# What to work on
Pictures must not appear in your answer. Write out exactly the lines from the one with "Casaco estilo blazer" through the last line of the entries below.

# Task material

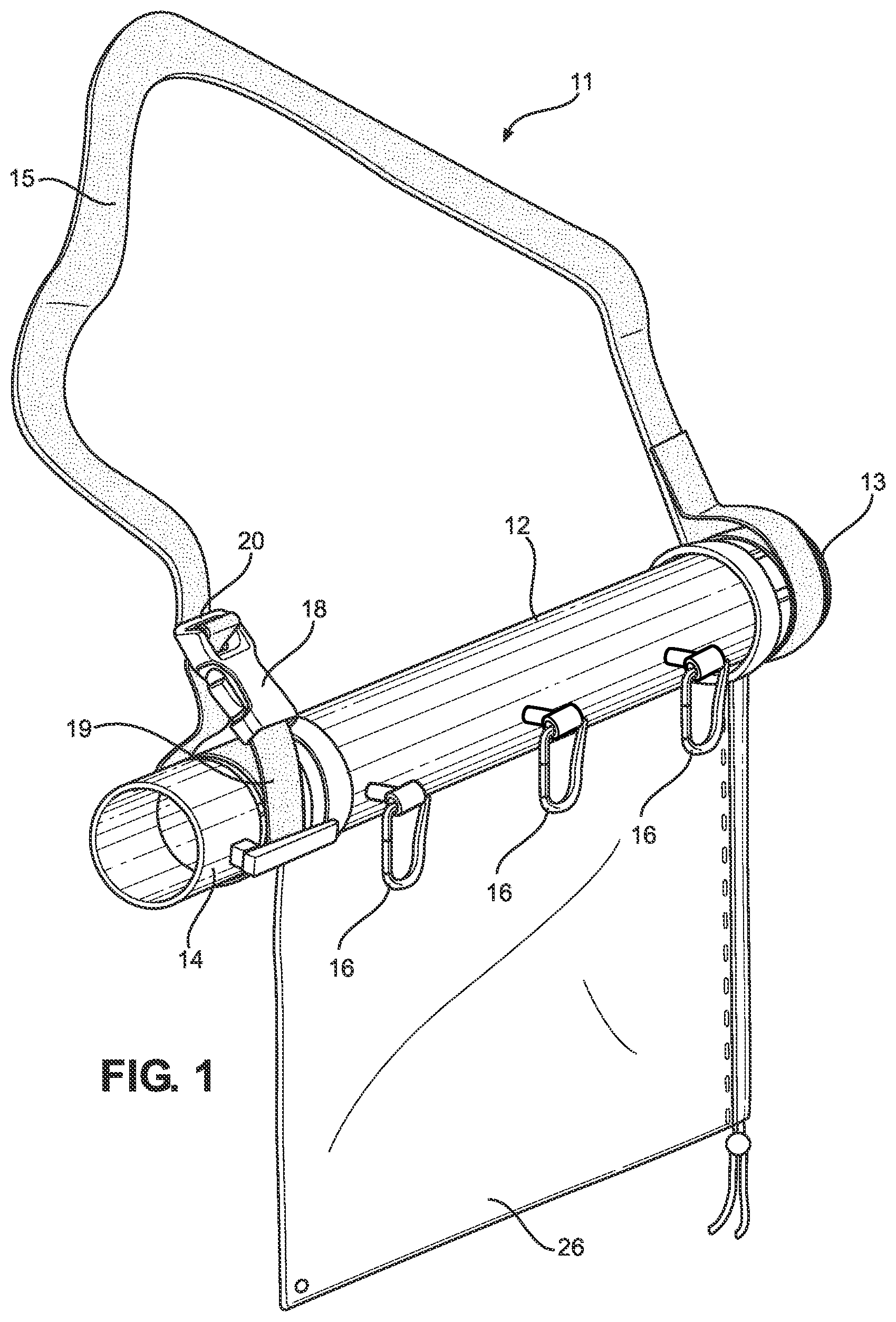 Patent US12090384 — Sporting equipment storage sling — Figure 1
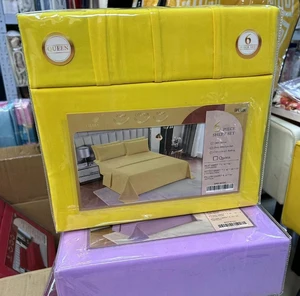 Luxury Queen Size Cotton 6-Piece Bed Sheets Set Wholesale Bedding Includes Flat Sheet & Pillowcases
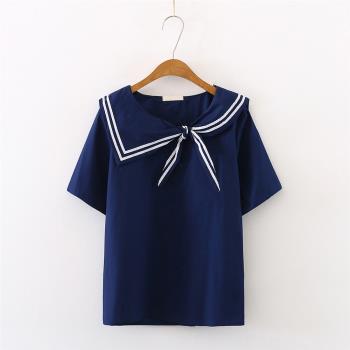 女生上衣短袖海軍領襯衫套頭夏裝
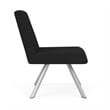 Willow Lounge Reception Armless Swivel Guest Chair / Silver Steel / Black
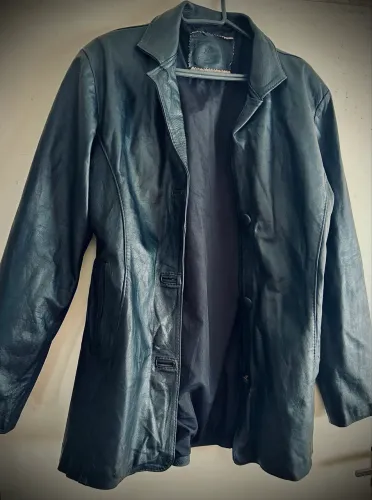Casaco estilo blazer Feminino de couro Legítimo cor Preto Tamanho G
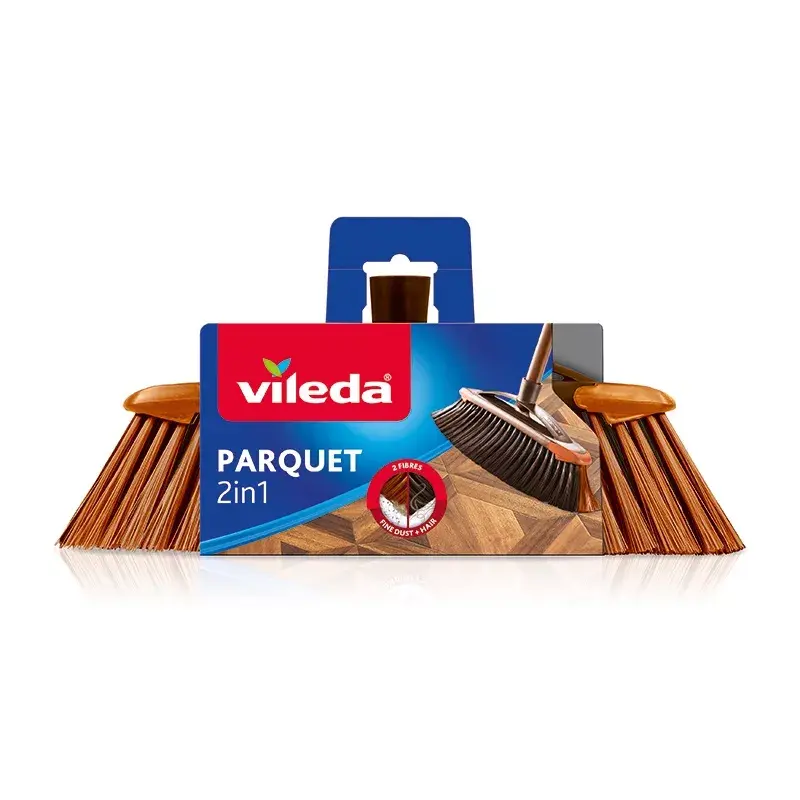 Sisepühkimishari VILEDA mudel 136082 pehmete/kõvade plastikharjaste ja varrega, pronks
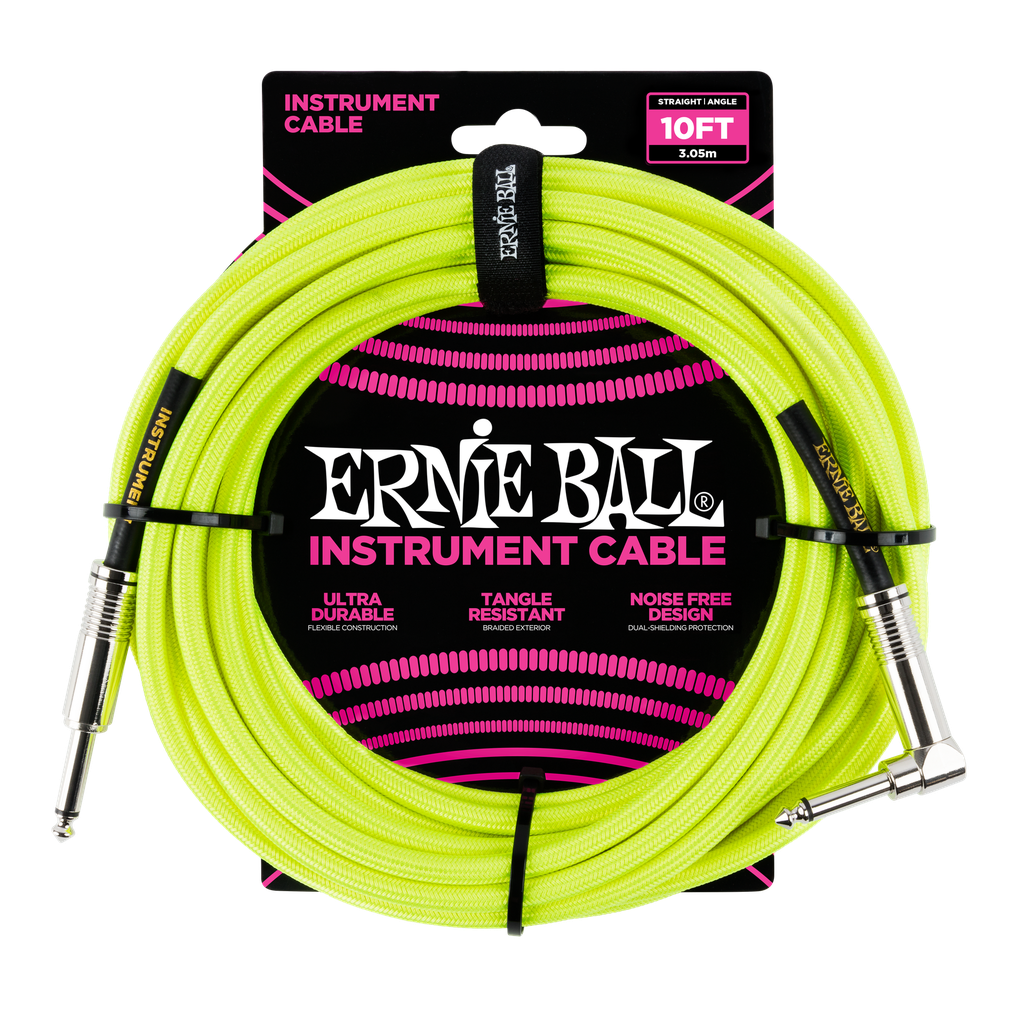 [P06080] Ernie Ball 10' Braided Straight / Angle Instrument Cable, Neon Yellow
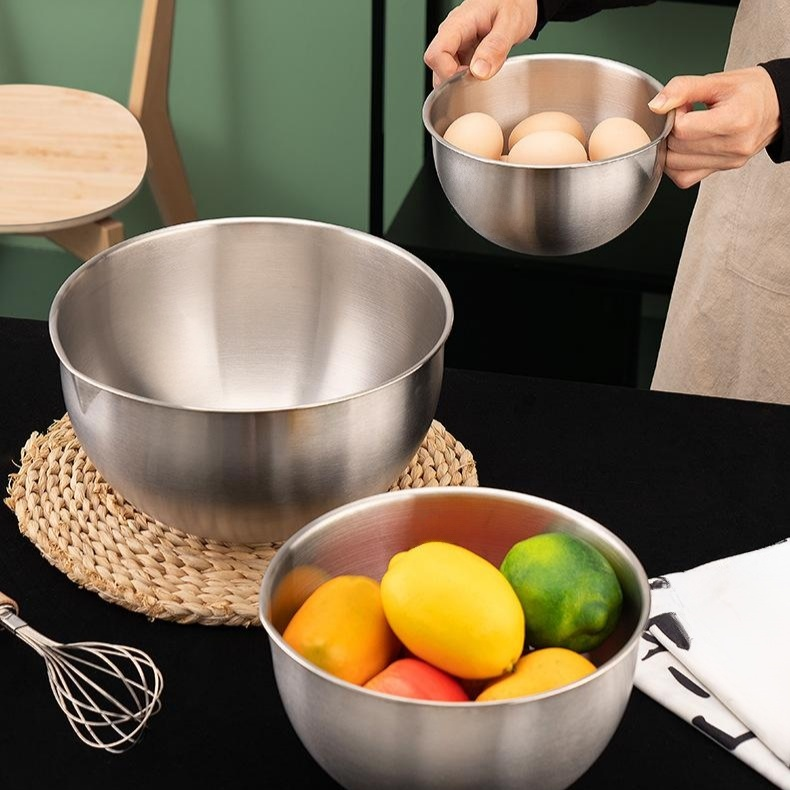 อ่างตีไข่สแตนเลส 304 แบบลึก ชามผสมสำหรับทำขนม เบเกอรี่ และนวดแป้ง
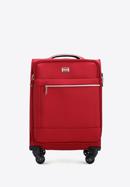 Malý měkký kufr s lesklým zipem na přední straně, červená, 56-3S-851-10, Obrázek 1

# Exercise output
Casaco estilo blazer Feminino de couro Legítimo cor Preto Tamanho G
 Sisepühkimishari VILEDA mudel 136082 pehmete/kõvade plastikharjaste ja varrega, pronks
 [P06080] Ernie Ball 10' Braided Straight / Angle Instrument Cable, Neon Yellow
 อ่างตีไข่สแตนเลส 304 แบบลึก ชามผสมสำหรับทำขนม เบเกอรี่ และนวดแป้ง
 Malý měkký kufr s lesklým zipem na přední straně, červená, 56-3S-851-10, Obrázek 1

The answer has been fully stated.